** The data follows **
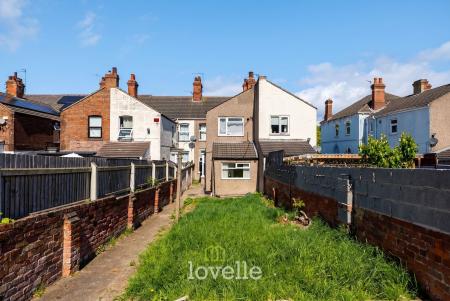 4 bedroom Terraced House for sale in Clee Road, Cleethorpes, DN35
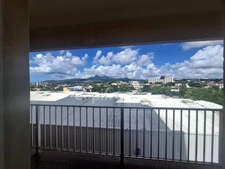 À LOUER – Local professionnel avec vue mer – Fort-de-France, Batelière (Immeuble Le Panorama)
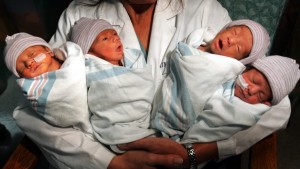 Višestruke trudnoće: blagoslov za porodicu, rizik za majku i trošak za državu?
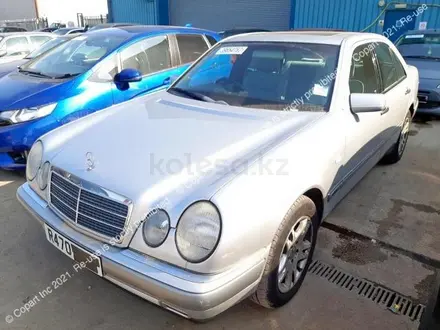 Mercedes-Benz E 240 1998 года за 598 654 тг. в Темиртау – фото 4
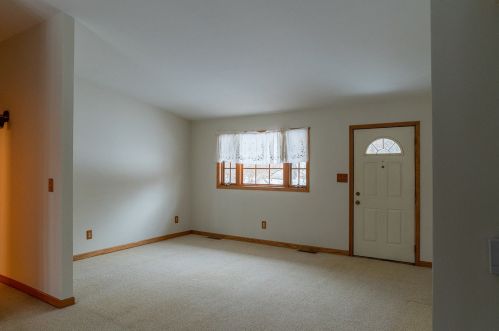 703 Missouri Dr, Nelson IL  61021-8903 exterior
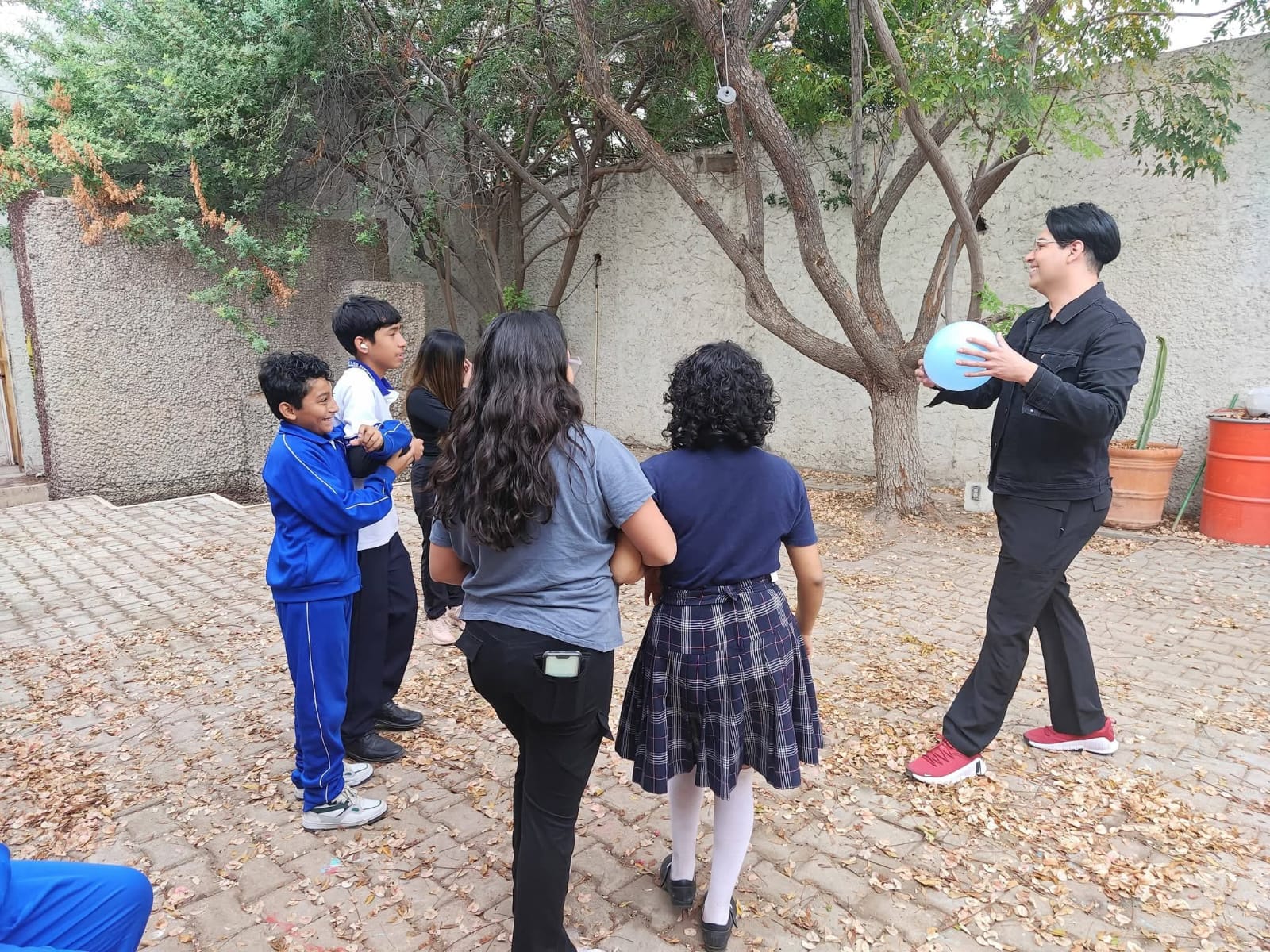 Con Arte-Terapia enseñan a adolescentes a manejar el estrés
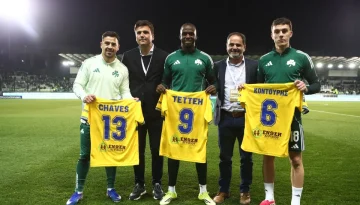 Ο Παναιτωλικός τίμησε Τσάβες, Κοντούρη, Τεττέη – Ο Παναθηναϊκός τα «καναρίνια»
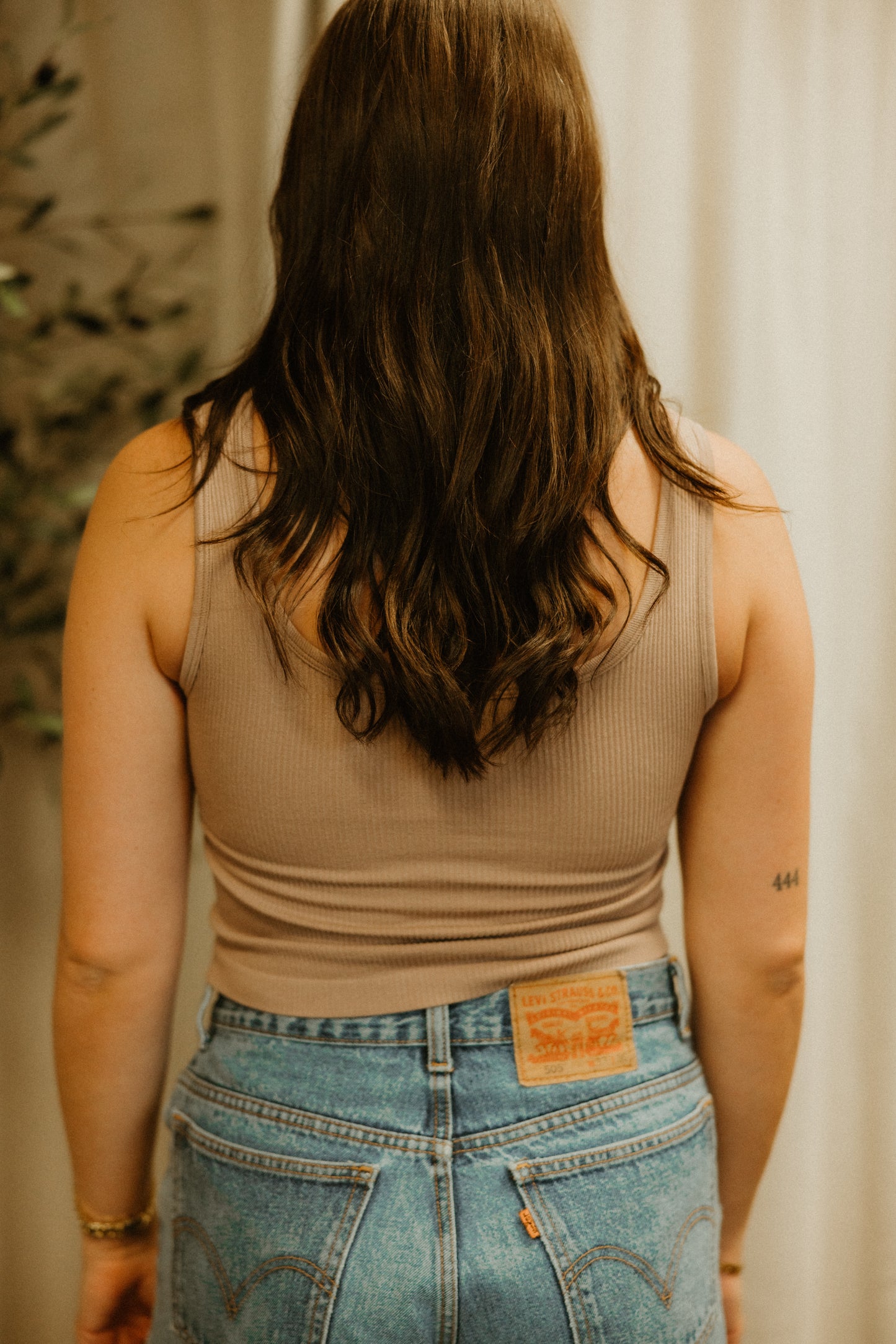 THE BRA FREE SCOOP NECK
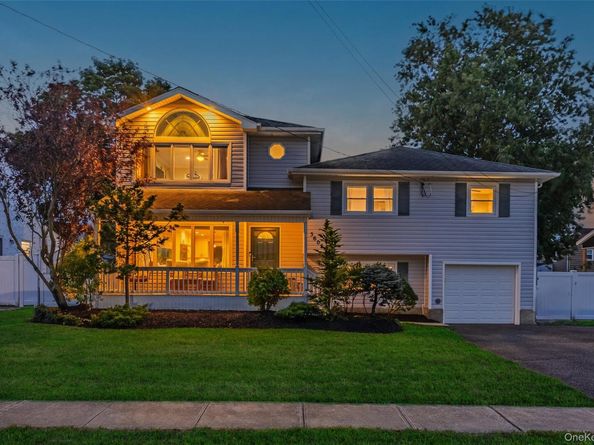 3608 Tonopah Street, Seaford NY 11783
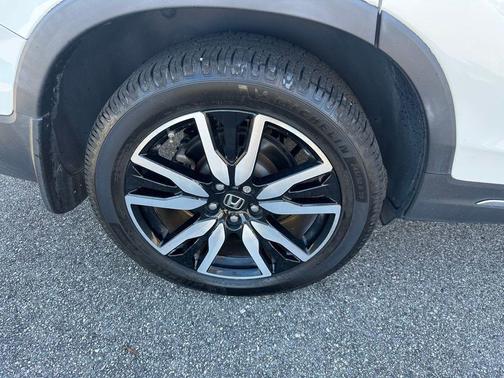 2021 Honda Pilot Touring 8-Passenger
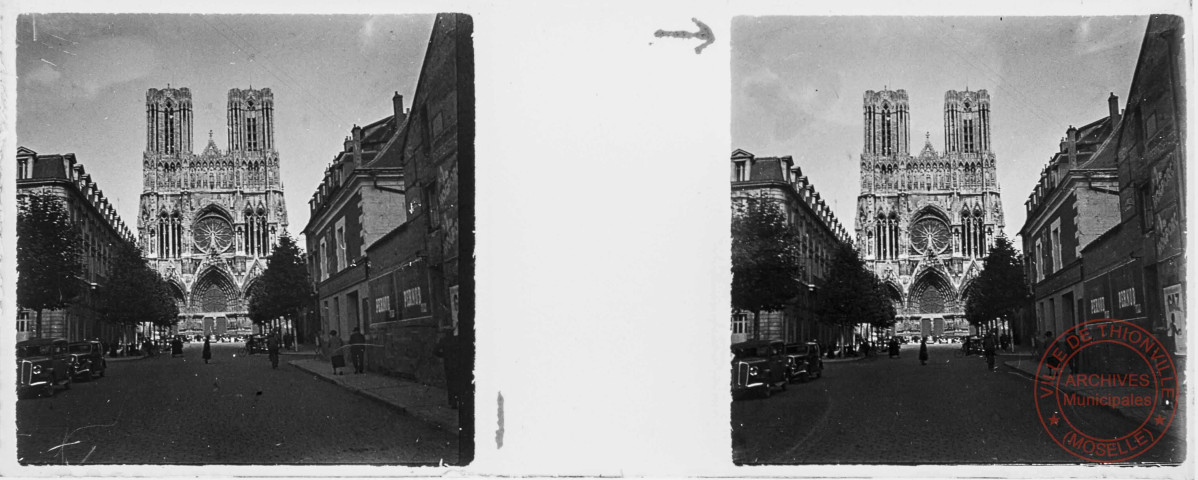 Reims (51) - La cathédrale Notre-Dame vue depuis la rue Libergier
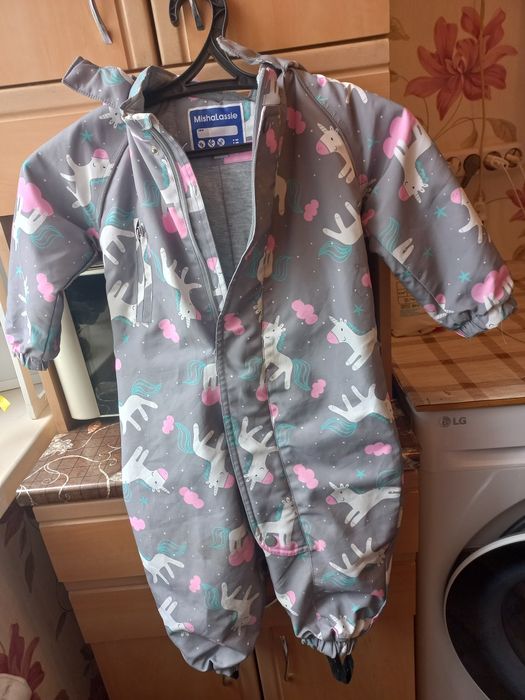 Комбинезон на девочку  продам  8 тыс.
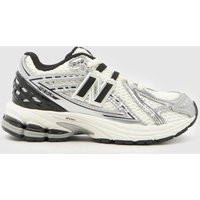 New Balance Black & Silver 1906 Junior Trainers, Size: 11 (EU 29) | Schuh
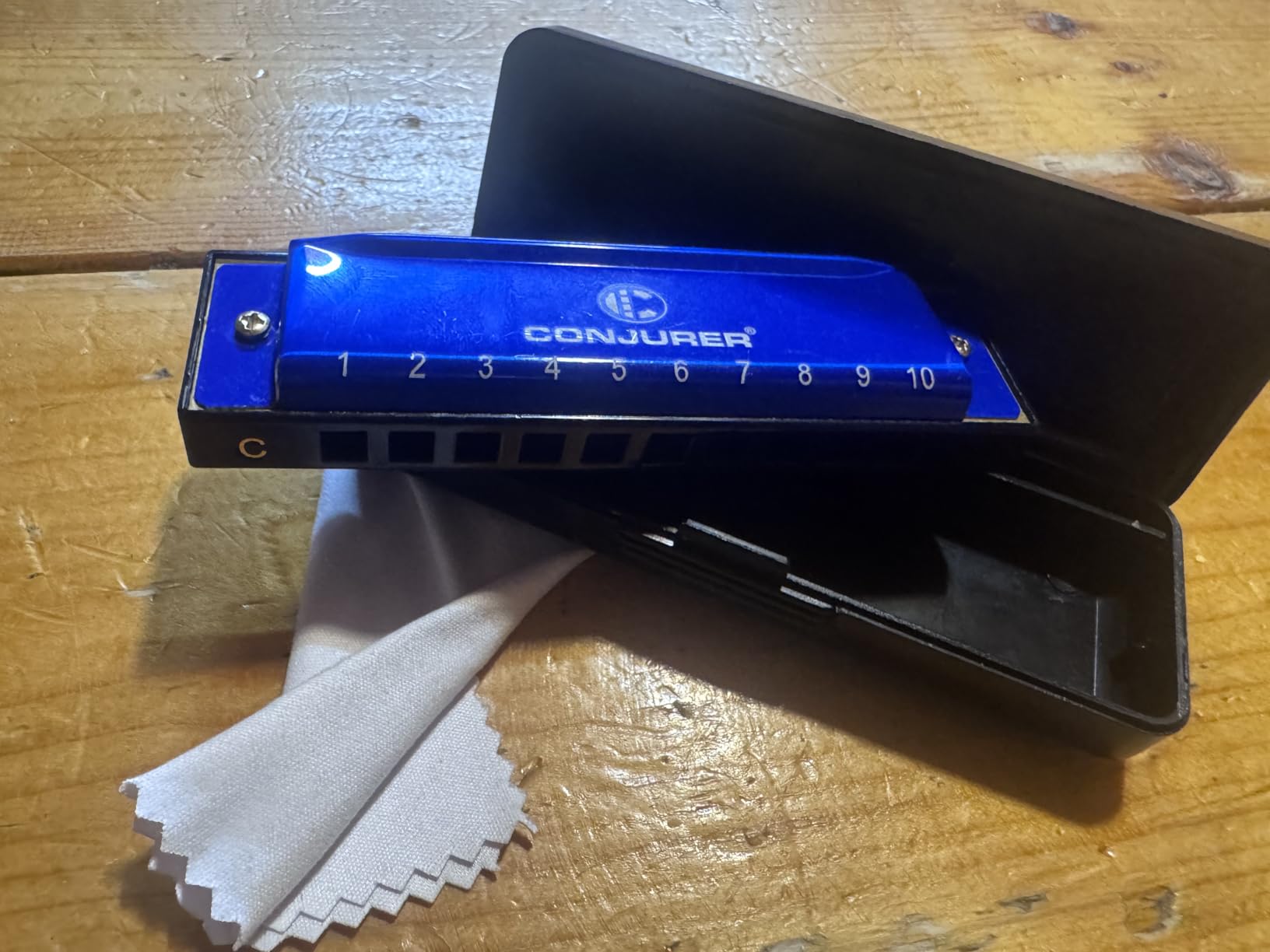 CONJURER Blues Harmonica for Students Adult Beginners 10 Hole Diatonic Harmonica Key of C, Metal Mouth Organ C Key Brass Reed with Case, Red customer photo 2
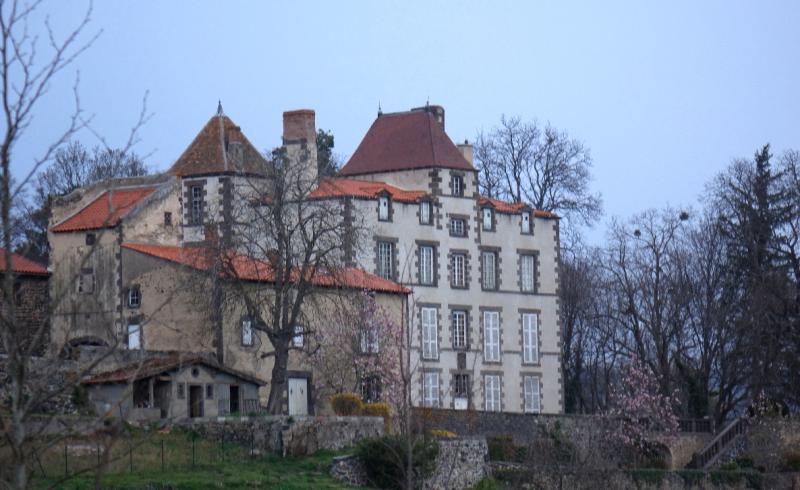 Château de Saint-Genès-l'Enfant, Malauzat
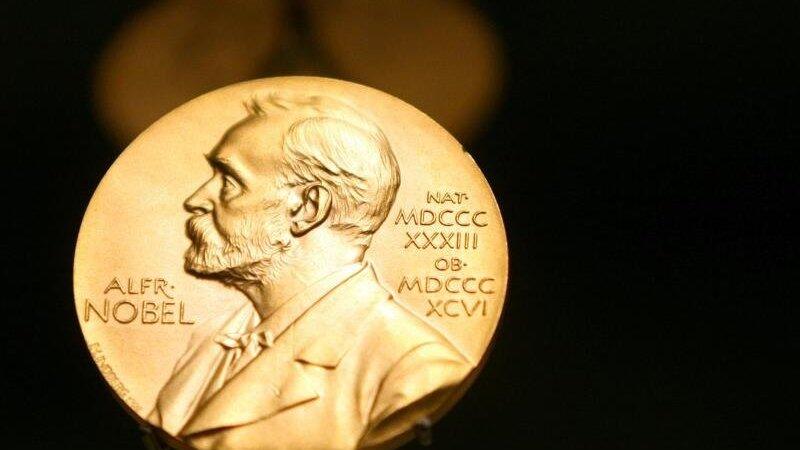 Eine Medaille mit dem Konterfei von Alfred Nobel ist im Nobel Museum zu sehen.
** End of The data **
Task directions — Do not include pictures. Copy only the lines running from the line with "New Balance Black" through the last line of the records, exactly as they appear.

Answer to this exercise —
 New Balance Black & Silver 1906 Junior Trainers, Size: 11 (EU 29) | Schuh
 CONJURER Blues Harmonica for Students Adult Beginners 10 Hole Diatonic Harmonica Key of C, Metal Mouth Organ C Key Brass Reed with Case, Red customer photo 2
 Château de Saint-Genès-l'Enfant, Malauzat
 Eine Medaille mit dem Konterfei von Alfred Nobel ist im Nobel Museum zu sehen.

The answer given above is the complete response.